Work instructions: This task calls for copying every line in the data below that contains the word "Dress".

Study material:
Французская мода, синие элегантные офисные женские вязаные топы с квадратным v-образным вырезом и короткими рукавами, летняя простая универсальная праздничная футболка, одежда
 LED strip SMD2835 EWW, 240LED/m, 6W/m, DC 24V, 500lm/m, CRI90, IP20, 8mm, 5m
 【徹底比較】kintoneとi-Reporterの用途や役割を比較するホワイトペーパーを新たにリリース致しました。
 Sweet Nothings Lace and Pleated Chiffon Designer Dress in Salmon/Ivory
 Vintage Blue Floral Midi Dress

Response to the exercise:
 Sweet Nothings Lace and Pleated Chiffon Designer Dress in Salmon/Ivory
 Vintage Blue Floral Midi Dress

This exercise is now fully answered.